Improvement of detection of hypoattenuation in acute ischemic stroke in unenhanced computed tomography using an adaptive smoothing filter

Background: Much attention has been directed toward identifying early signs of cerebral ischemia on computed tomography (CT) images. Hypoattenuation of ischemic brain parenchyma has been found to be the most frequent early sign. Purpose: To evaluate the effect of a previously proposed adaptive smoothing filter for improving detection of parenchymal hypoattenuation of acute ischemic stroke on unenhanced CT images. Material and Methods: Twenty-six patients with parenchymal hypoattenuation and 49 control subjects without hypoattenuation were retrospectively selected in this study. The adaptive partial median filter (APMF) designed for improving detectability of hypoattenuation areas on unenhanced CT images was applied. Seven radiologists, including four certified radiologists and three radiology residents, indicated their confidence level regarding the presence (or absence) of hypoattenuation on CT images, first without and then with the APMF processed images. Their performances without and with the APMF processed images were evaluated by receiver operating characteristic (ROC) analysis.
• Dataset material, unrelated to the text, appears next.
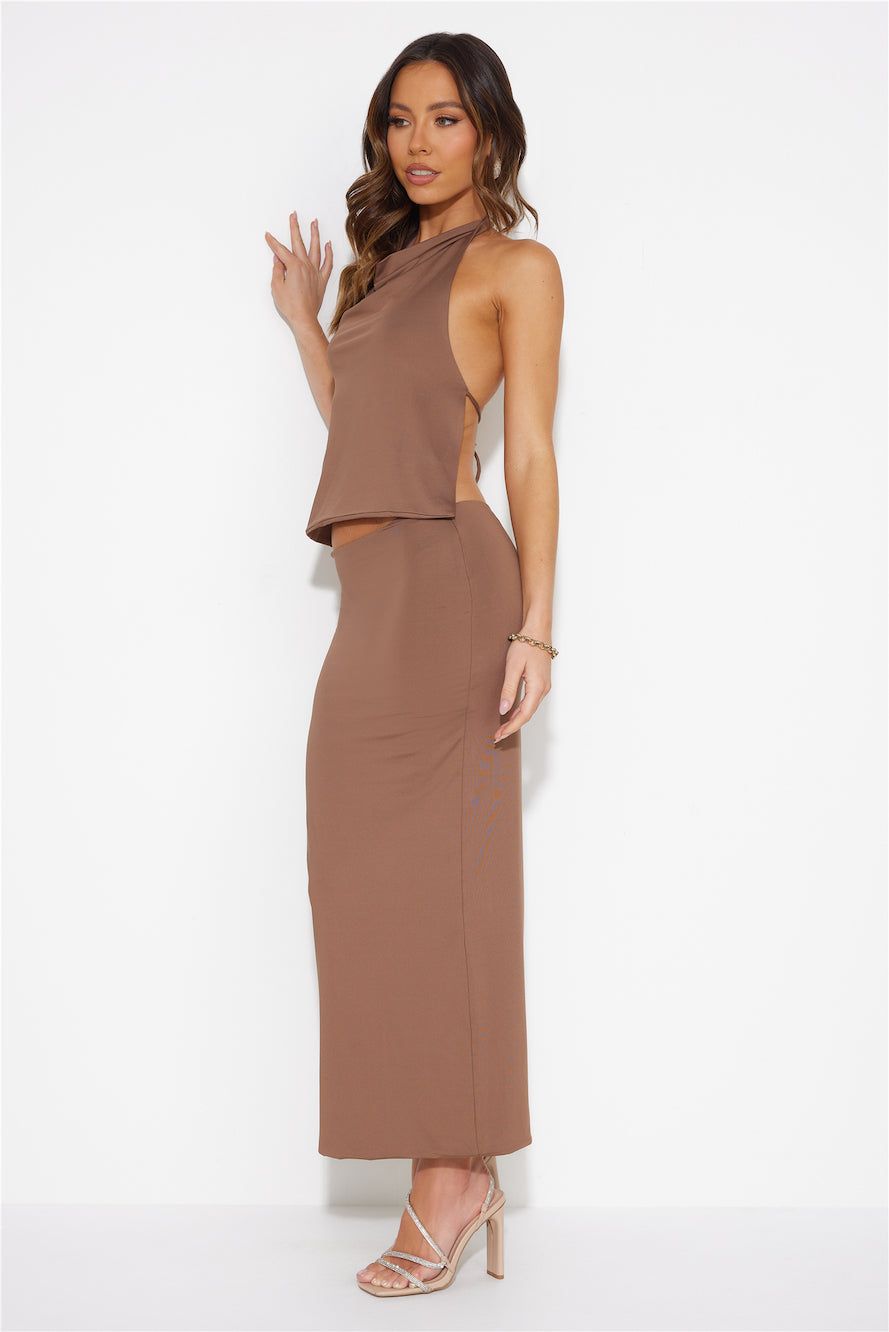 My Style Midi Skirt Brown sold by Hello Molly product image thumbnail 4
Results: The mean areas under the ROC curves (AUC) for all observers increased from 0.875 to 0.929 (P=0.002) when the radiologists observed with the APMF processed images. The mean sensitivity in the detection of hypoattenuation significantly improved, from 69% (126 of 182 observations) to 89% (151 of 182 observations), when employing the APMF (P=0.012). The specificity, however, was unaffected by the APMF (P=0.41). Conclusion: The APMF has the potential to improve the detection of parenchymal hypoattenuation of acute ischemic stroke on unenhanced CT images.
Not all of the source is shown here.